If I were building anything with a load cell, I'd probably use an ADC designed for load cell use. That's an example. There are many more out there. The 24 bit ADC takes care of sampling (measuring) the load cell voltage with low noise. It also filters the sampled data to reduce noise. You'll still have to pay attention to the layout and power sources, but at least you don't have to try to design a high gain, low noise instrumentation amplifier.
For an idea of what kind of noise you'll encounter at the signal levels you want to look at, here's few measurements I made with my oscilloscope and some random bits and pieces from my workbench:
Circuit:

simulate this circuit – Schematic created using CircuitLab
Scope probes shorted:

That's about 40 microvolts peak to peak of noise with the scope probe shorted to its own ground clip. That's a reference for how far down my scope can work.
Noise voltage from a 9 volt battery:

That's a total of 80 microvolts peak to peak from the scope and the battery together.
Battery with a load of 102kohm:

That's around 350 microvolts peak to peak of noise, just by putting a very light load on the battery. I didn't get the bottom cursor set right, so add about 100 microvolts (1 division) to the measured value (264 microvolts) to get the correct value (~350 microvolts.)
Noise at the divider (from ground to the junction of the two resistors:)

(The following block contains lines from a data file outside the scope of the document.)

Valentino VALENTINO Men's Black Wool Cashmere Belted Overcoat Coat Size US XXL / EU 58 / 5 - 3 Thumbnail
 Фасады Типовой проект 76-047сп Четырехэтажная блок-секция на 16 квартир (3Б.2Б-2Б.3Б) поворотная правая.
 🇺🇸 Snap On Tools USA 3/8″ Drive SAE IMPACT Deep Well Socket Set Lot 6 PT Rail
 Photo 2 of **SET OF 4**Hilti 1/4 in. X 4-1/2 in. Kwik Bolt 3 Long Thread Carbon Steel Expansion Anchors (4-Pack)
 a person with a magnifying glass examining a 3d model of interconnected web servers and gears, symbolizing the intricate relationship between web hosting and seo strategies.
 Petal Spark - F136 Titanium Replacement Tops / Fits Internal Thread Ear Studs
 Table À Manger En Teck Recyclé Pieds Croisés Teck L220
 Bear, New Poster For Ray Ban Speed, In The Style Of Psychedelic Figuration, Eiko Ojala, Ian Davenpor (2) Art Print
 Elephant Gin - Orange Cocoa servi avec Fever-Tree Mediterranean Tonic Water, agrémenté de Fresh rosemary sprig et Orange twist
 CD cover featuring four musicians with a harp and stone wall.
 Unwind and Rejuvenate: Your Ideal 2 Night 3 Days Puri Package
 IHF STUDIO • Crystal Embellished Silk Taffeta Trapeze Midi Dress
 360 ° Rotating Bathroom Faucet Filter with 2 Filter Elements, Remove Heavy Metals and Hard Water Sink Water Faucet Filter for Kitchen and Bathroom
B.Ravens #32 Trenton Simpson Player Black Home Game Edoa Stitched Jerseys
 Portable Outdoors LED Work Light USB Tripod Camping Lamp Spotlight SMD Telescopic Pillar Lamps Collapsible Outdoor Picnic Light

That's 430 microvolts peak to peak across just one of the resistors.
Now for the best part - the divider with no battery. Just the resistors:

That's 4 millivolts (!) peak to peak of noise that the probes pluck from the environment when just the two resistors (102kohm) are connected to the probes.
Getting clean signals at such low levels is hard.
Commenter PNDA asked what happens if I change the temperature of the resistors for the last setup (just the resistors connected to the probe.)
Nothing measurable happens. Most of that noise comes from elsewhere.
I twiddled with the trigger on my scope, and found that most of the noise was at about 28kHz. With a proper trigger, I could also measure the RMS value of the voltage. It came out to about 2mV RMS. With the scope probes in parallel to the resistors, there's a load of about 97kohm. Total received power is about 0.041 microwatts.
The source of the 28kHz interference was the powersupply of GSM modem I have plugged into an outlet on my workbench.
With the GSM modem unplugged, the interference dropped to about 120 microvolts RMS into 97kohms. The frequency was also different - 80kHz. That's about 0.000145 microwatts of received power.
More investigation showed that the 80kHz interference comes from the power supply of the monitor I have on the workbench. The monitor is the display for the oscilloscope software I use, so I can't practically unplug it to make the noise go away. I could, however, move the scope probe with the resistors closer to the (back) of the monitor and make the interference stronger. That kind of proves the source.
Ultimately, both sources of interference were capacitively coupling into the electrostatic protection mat on the workbench, and from there capacitively coupled into the resistors and probe. Moving the probe away from the workbench surface would reduce the interference.
Like I said, microvolt level stuff is hard to get clean.